### [Task instructions]
Search the data for the string "Dress", and report each line where it is found.

Brief descriptive captions
***

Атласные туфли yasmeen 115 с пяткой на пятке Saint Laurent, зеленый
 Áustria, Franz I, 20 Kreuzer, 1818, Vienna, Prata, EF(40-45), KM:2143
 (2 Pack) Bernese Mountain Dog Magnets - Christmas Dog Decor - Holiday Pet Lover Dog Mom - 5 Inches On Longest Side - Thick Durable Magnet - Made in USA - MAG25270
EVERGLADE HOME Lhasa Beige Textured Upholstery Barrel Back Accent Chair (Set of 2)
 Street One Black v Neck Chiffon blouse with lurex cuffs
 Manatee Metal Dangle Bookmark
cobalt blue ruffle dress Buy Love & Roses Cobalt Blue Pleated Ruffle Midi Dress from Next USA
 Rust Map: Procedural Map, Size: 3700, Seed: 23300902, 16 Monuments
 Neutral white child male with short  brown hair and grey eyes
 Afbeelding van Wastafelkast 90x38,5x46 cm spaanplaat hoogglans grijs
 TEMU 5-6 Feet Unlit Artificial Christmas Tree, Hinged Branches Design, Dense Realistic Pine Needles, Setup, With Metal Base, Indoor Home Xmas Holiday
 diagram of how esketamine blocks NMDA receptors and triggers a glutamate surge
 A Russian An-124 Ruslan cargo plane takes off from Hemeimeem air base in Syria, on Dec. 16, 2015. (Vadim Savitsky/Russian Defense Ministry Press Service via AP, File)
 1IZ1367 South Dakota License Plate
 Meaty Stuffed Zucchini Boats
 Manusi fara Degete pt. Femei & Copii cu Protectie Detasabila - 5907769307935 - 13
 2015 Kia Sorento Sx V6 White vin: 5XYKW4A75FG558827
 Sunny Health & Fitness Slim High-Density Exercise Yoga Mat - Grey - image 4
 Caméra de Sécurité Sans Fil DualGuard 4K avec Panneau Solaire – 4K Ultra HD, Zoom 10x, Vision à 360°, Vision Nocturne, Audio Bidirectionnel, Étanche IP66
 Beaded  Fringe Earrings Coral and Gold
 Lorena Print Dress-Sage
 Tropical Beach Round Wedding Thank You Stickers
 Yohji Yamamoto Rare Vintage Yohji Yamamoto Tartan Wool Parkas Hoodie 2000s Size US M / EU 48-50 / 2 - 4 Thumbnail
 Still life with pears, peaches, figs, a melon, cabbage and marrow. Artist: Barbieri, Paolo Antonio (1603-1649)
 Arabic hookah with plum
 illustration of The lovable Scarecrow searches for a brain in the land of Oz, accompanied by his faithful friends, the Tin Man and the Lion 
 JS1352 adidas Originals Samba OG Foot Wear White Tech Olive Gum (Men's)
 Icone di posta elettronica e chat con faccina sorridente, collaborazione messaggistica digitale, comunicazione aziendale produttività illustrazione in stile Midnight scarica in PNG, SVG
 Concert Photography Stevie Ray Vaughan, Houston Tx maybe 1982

***

### [Task output]
cobalt blue ruffle dress Buy Love & Roses Cobalt Blue Pleated Ruffle Midi Dress from Next USA
 Lorena Print Dress-Sage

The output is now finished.